The below shows how little code needs to be added to the IAM policy for this to be implemented

{

“Version”: “2012-10-17”,

“Statement”: [

{

“Sid”: “AllowS3AccessToMatchingProjectResources”,

“Effect”: “Allow”,

“Action”: [

“s3:DeleteObject”,

“s3:PutObject”

],

“Resource”: “arn:aws:s3:::*/*”,

“Condition”: {

“StringEquals”: {

“aws:ResourceTag/project”: “${aws:PrincipalTag/project}”,

“aws:PrincipalTag/permissionlevel”: “write”

}

}

},

{

“Sid”: “AllowGetBucketsWithMatchingProjectTag

“Effect”: “Allow”,

“Action”: [

“s3:GetObject”

],

“Resource”: “arn:aws:s3:::*”,

“Condition”: {

“StringEquals”: {

“aws:ResourceTag/project”: “${aws:PrincipalTag/project}”,

“aws:PrincipalTag/permissionlevel”: “read”

}

}

},

{

“Sid”: “DenyAccessToUntaggedResources”,

“Effect”: “Deny”,

“Action”: [

“s3:*”

],

“Resource”: “arn:aws:s3:::*/*”,

“Condition”: {

“Null”: {

“aws:ResourceTag/project”: “true”

}

}

}

]

}

Now we have some additional control and can ensure that we have separation of responsibilities within our user base to ensure that they can only carry out the tasks they are meant to.

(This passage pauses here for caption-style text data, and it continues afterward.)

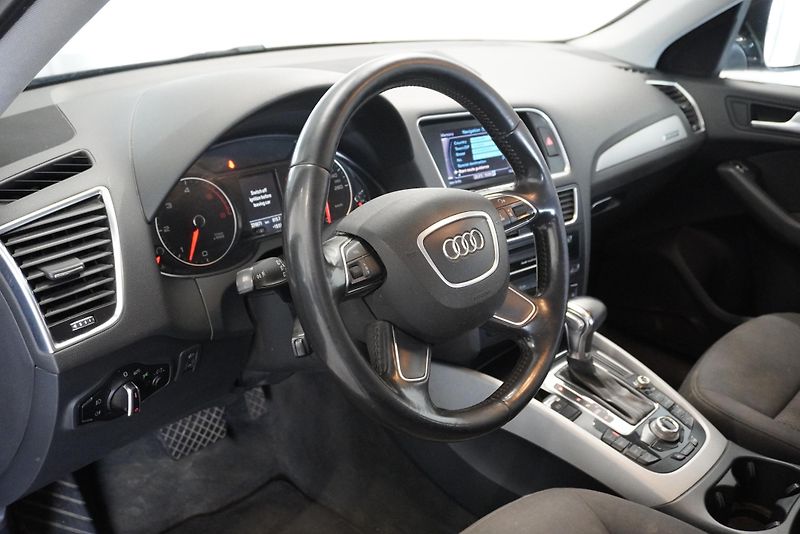 Audi Q5 VAN 3,0 TDI QUATTRO AUT. - fotka 14 z 28
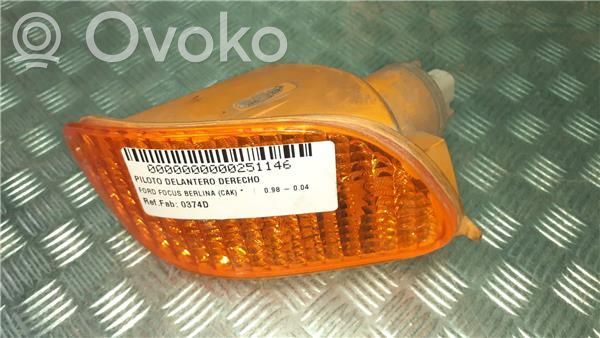 Front indicator light   374D,XS4X13368A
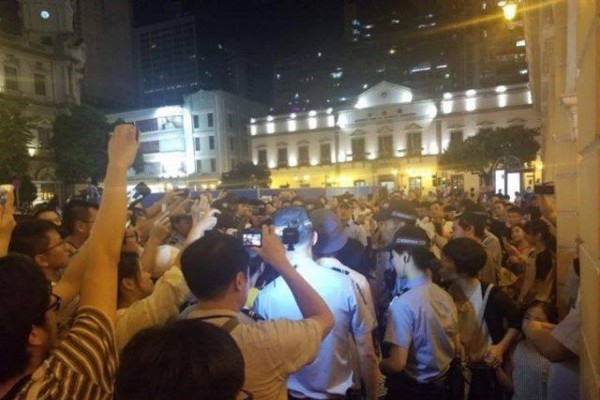 Người biểu tình và cảnh sát tập trung tại Quảng trường Senado, Macau tối 19-8. Ảnh: SCMP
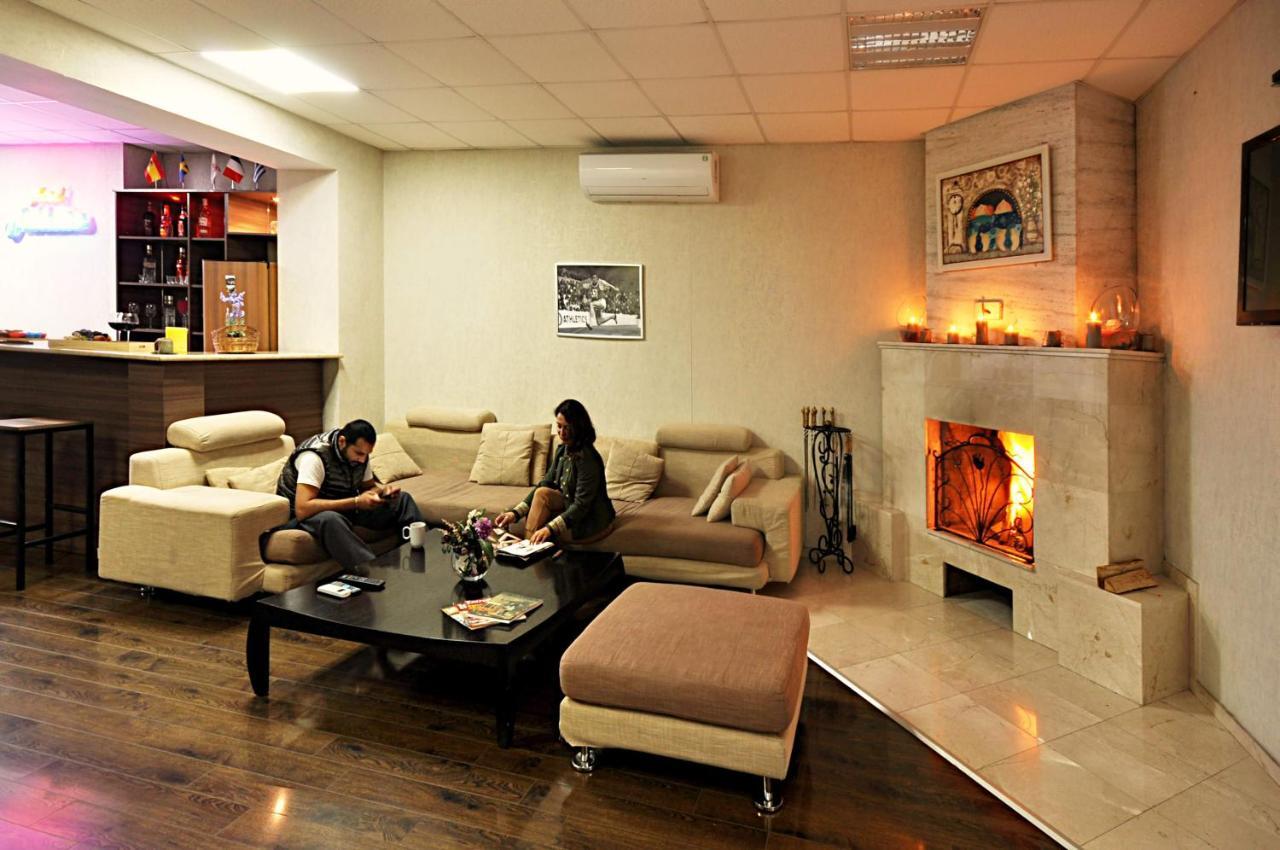 Athletics Hotel Tbilisi Esterno foto
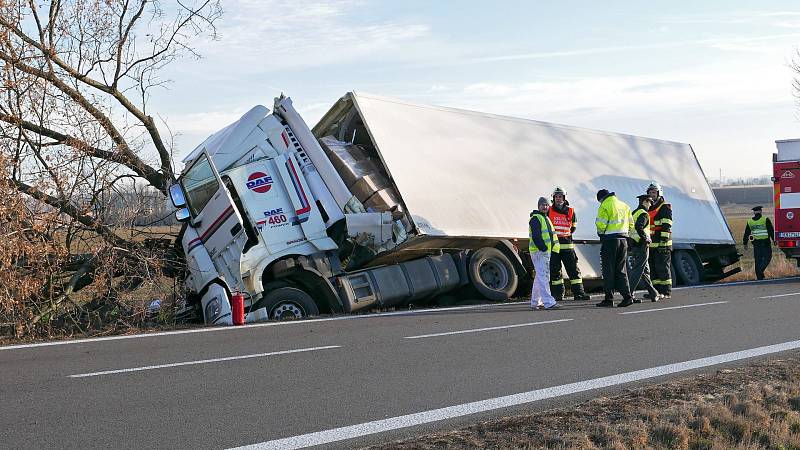 Škody na kamionu se odhadují na 2,5 milionu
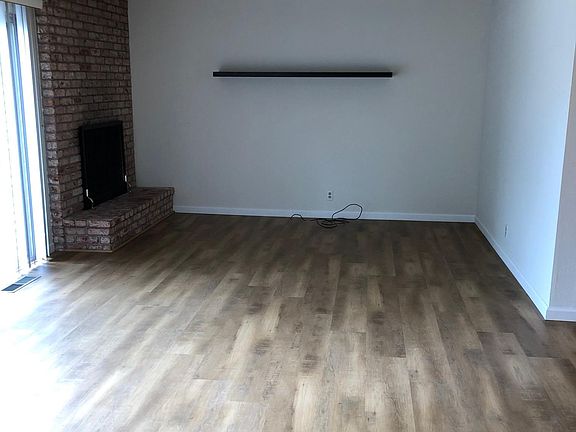 4th image of 497 La Conner Dr #1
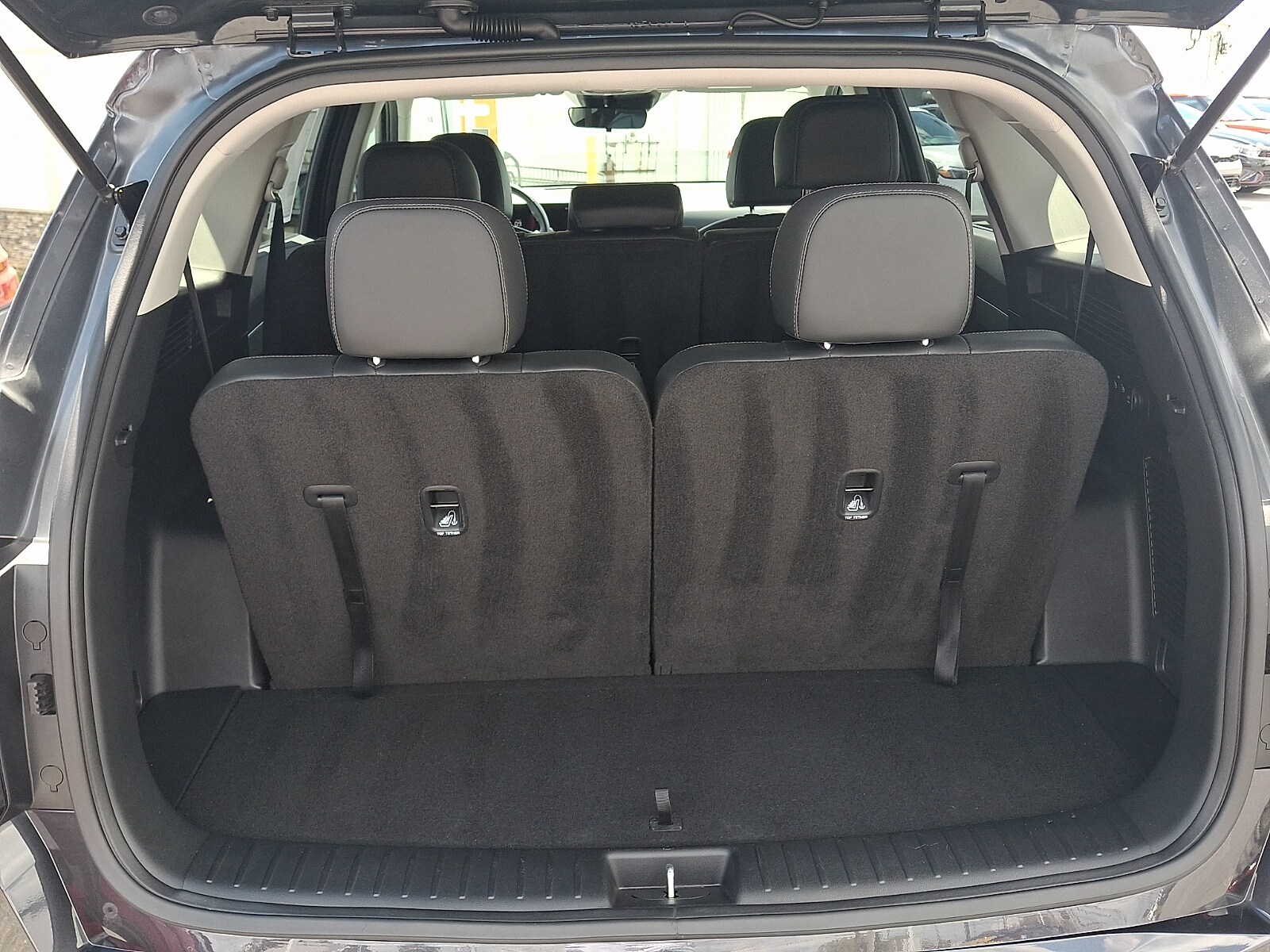 2025 Kia Sorento S - Photo 28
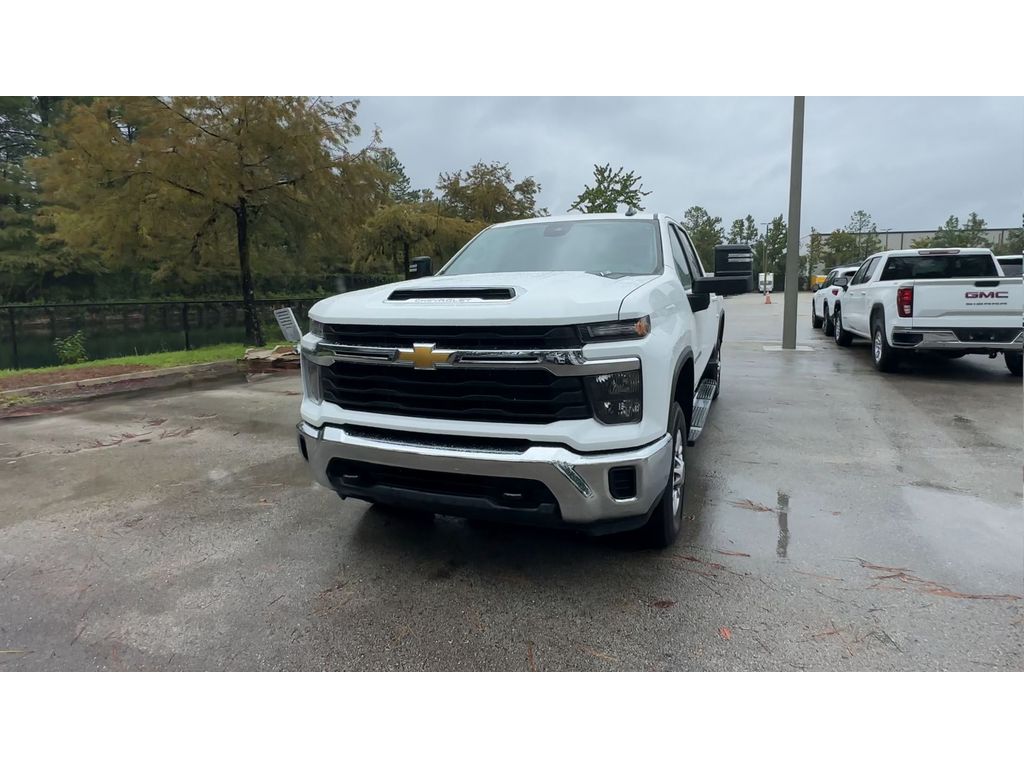 2024 Chevrolet Silverado 2500HD photo 3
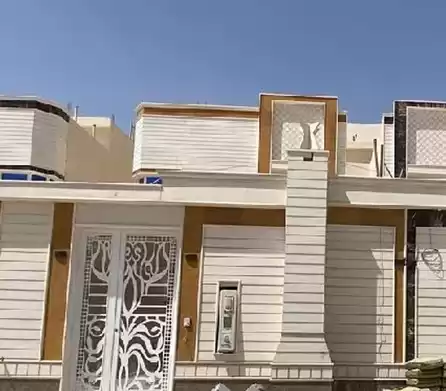 Wohn Klaar eigendom 5 + Zimmermädchen U/F Alleinstehende Villa  zu verkaufen in Riad #26207 - 1  image 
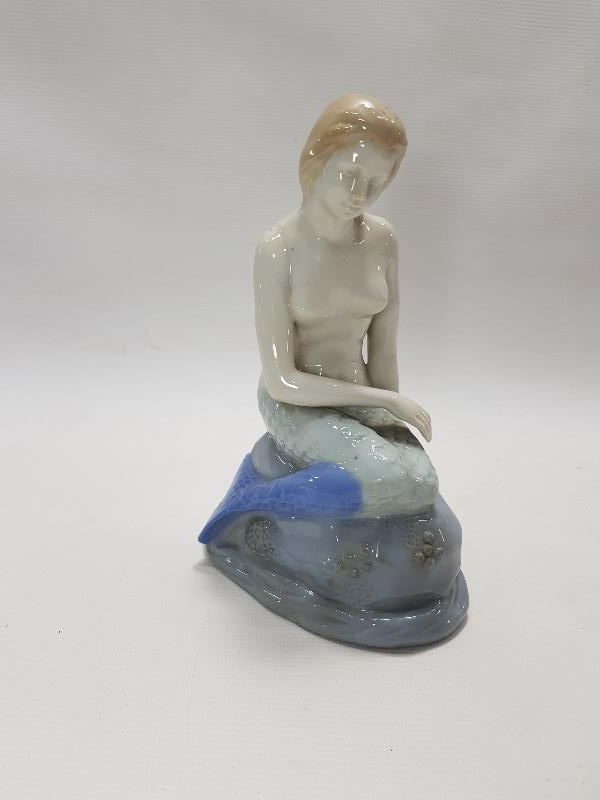 PORSELEN DENİZKIZI BİBLO 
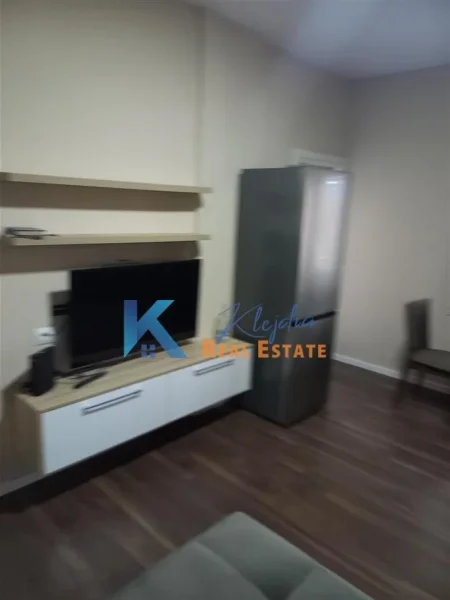 Tirane, jepet me qera apartament 1+1 Kati 6, 55 m² 370 € (Ali Dem, afer Shkolles 1 Maji)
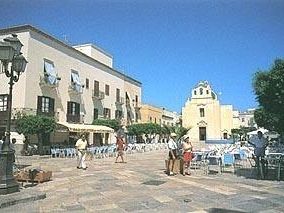 afflusso-dei-veicoli-sull-isola-di-favignana-per-la-stagione-turistica-in-corso-emesso-il-decreto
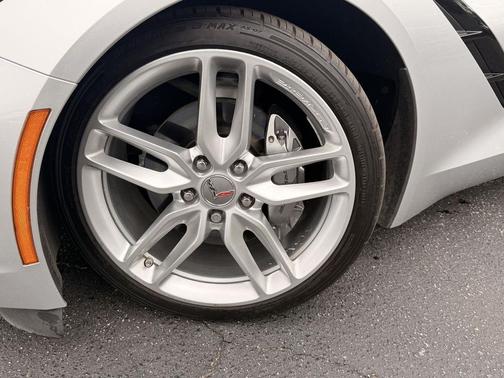 Blade Silver Metallic 2019 Chevrolet Corvette Stingray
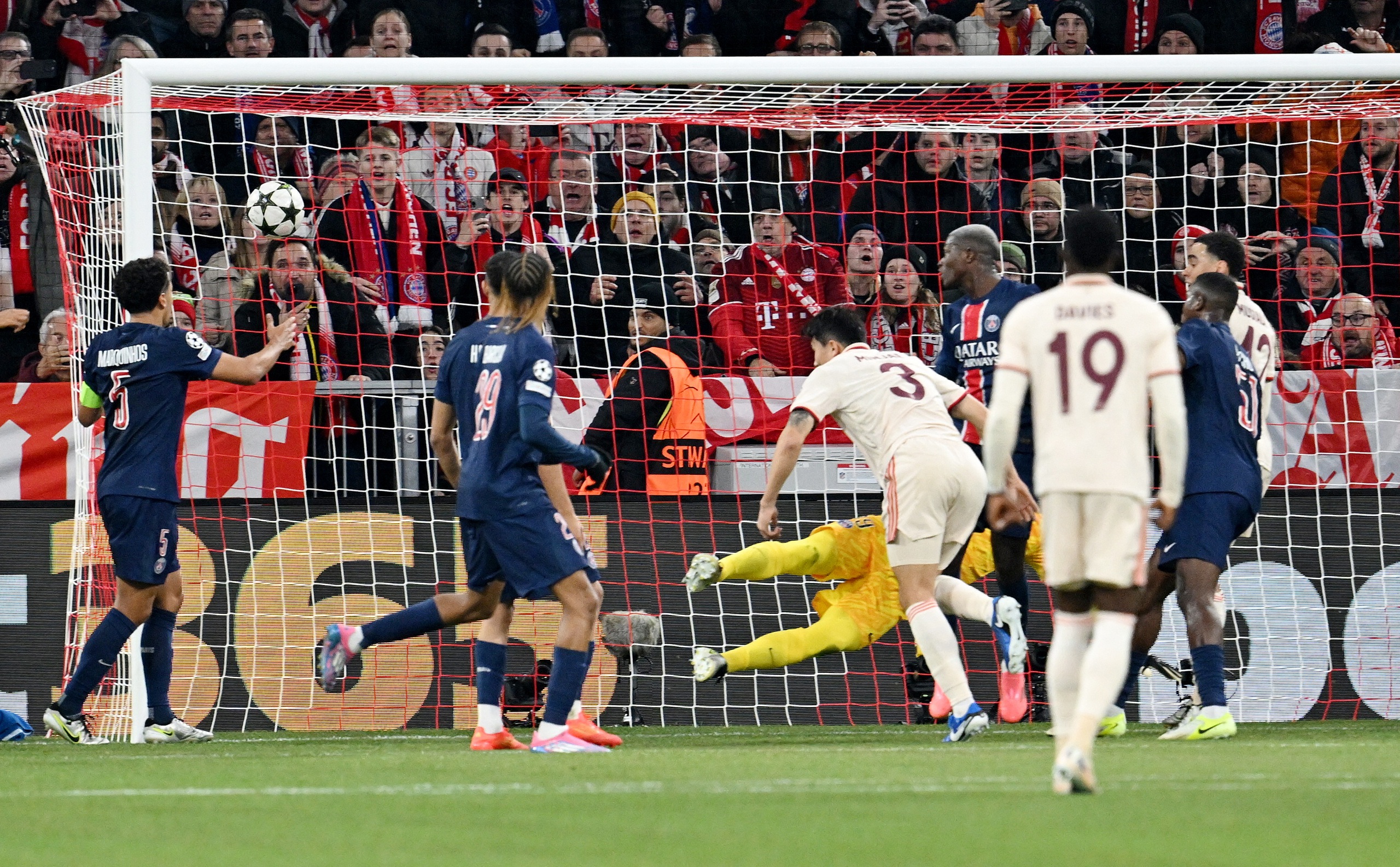 Lewandowski đưa Barcelona l&ecirc;n nh&igrave; bảng, Bayern Munich quật ng&atilde; PSG- Ảnh 4.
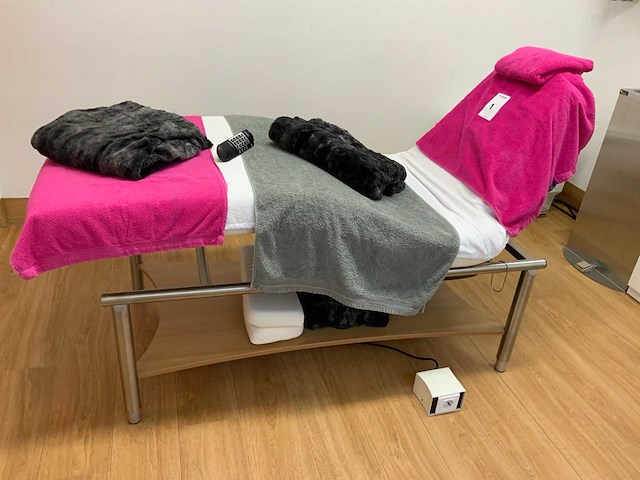 Veda cosmoderm behandeltafel - afbeelding 12 van  21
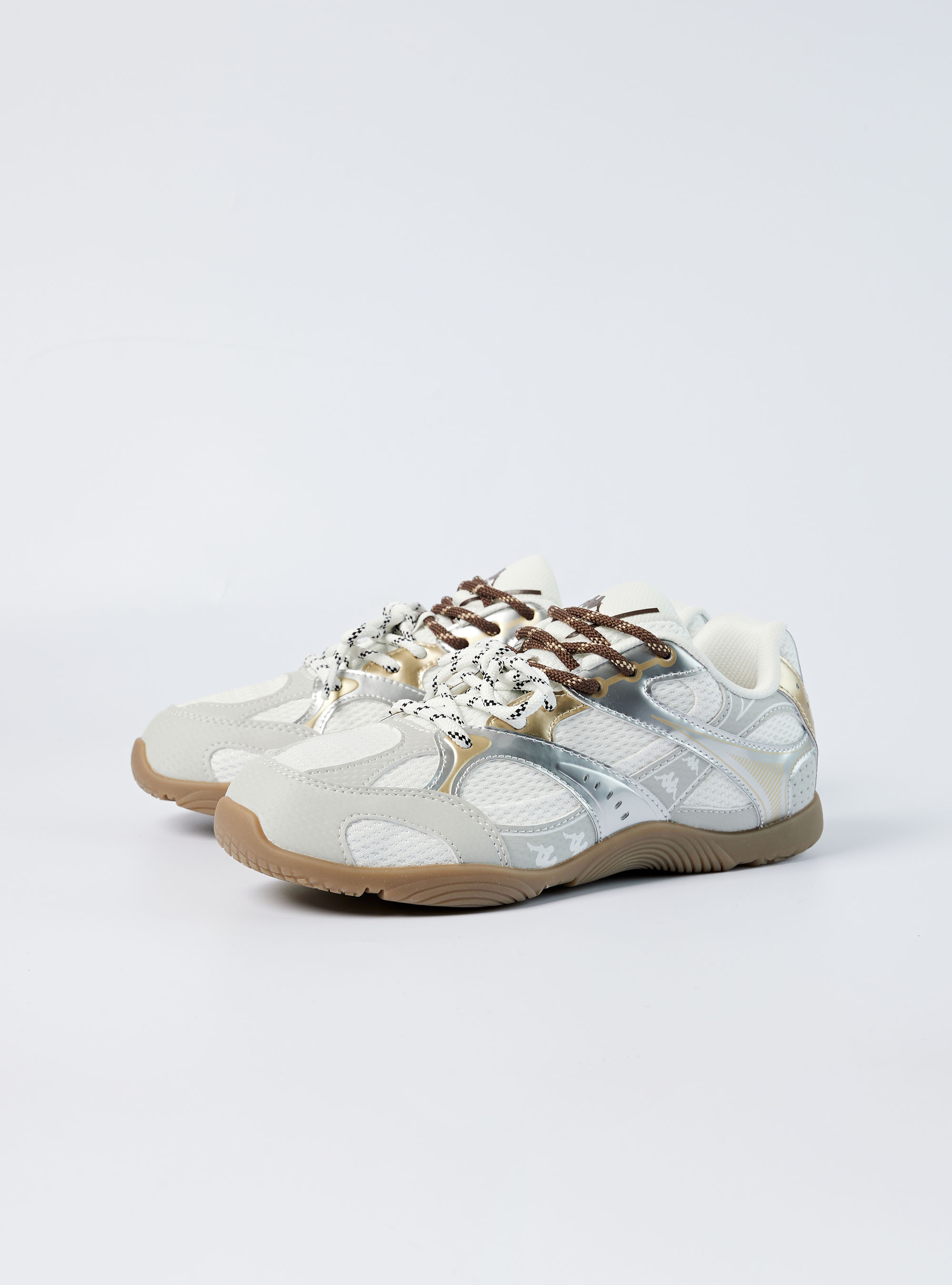 Retro Runner 輕量透氣休閒運動鞋 (銀白)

Are there times I shouldn’t use ABAC (At least on its own)?

This is an unanimous yes… ABAC is powerful, but it’s not a silver bullet. Some situations call for explicit controls, tighter governance, or a hybrid model combining ABAC with RBAC and resource scoping.

Let’s look at some situations where ABAC may not be a suitable option:

  • Highly Regulated or Audit heavy workloads – If your controls or auditors require explicit whitelists of resource ARNs (e.g., KMS keys, specific S3 buckets), ABAC’s dynamic matching may be too open-ended.
  • Services with limited ABAC support or uneven condition keys – Not every AWS service supports the same tag condition keys, and some operations don’t evaluate resource tags cleanly (especially create-time or cross-account scenarios). In these areas, use role-based scopes and explicit ARNs.
  • Safety-critical operations and break-glass access – For actions like deleting data, rotating KMS keys, or changing network boundaries, explicit approvals and tightly scoped roles are safer than attribute-matched access. Keep ABAC for day-to-day access but gate high-risk actions behind separate RBAC roles and workflow.
  • Immature or inconsistent tagging – ABAC depends on clean, consistent tags. If your tag coverage is spotty, values vary in casing, or ownership isn’t enforced, ABAC can fail open or cause surprises. Start with RBAC + tag governance (SCPs, AWS Config), then introduce ABAC once tags are reliable.
  • Cross-account and third-party integrations – In multi-account or partner setups, you may not control the other side’s tagging. Prefer explicit resource policies, trusted principals, and scoped ARNs. Use ABAC only where you own both principal and resource attributes end-to-end.
  • Fine-grained data authorisation that exceeds tag granularity – When decisions depend on row/column-level sensitivity, item attributes, or complex business rules (beyond simple project/environment), you’ll likely need application-level authorisation or service-native fine-grained controls. ABAC can still gate coarse scopes, but don’t rely on it alone for deep data policies.
  • Performance and predictability concerns – Dynamic attribute matching can be harder to reason about during incidents or migrations. For critical migrations, prefer explicit allowlists to avoid unexpected denies due to tag drift, then revert to ABAC after stabilization.

What are you waiting for, give it a go…

I hope this has shown you how simple it can be to get going with ABAC but ensure that you fully understand the how and when to use it, ultimately it is a great technique for scaling and onboarding new services fast however it is not always the best tool in every situation. I would certainly say the hybrid approach is the best option this ensures your projects and scale and onboard quickly, but more granular and auditable tasks can be covered by specific roles and policies to ensure your environment is protected.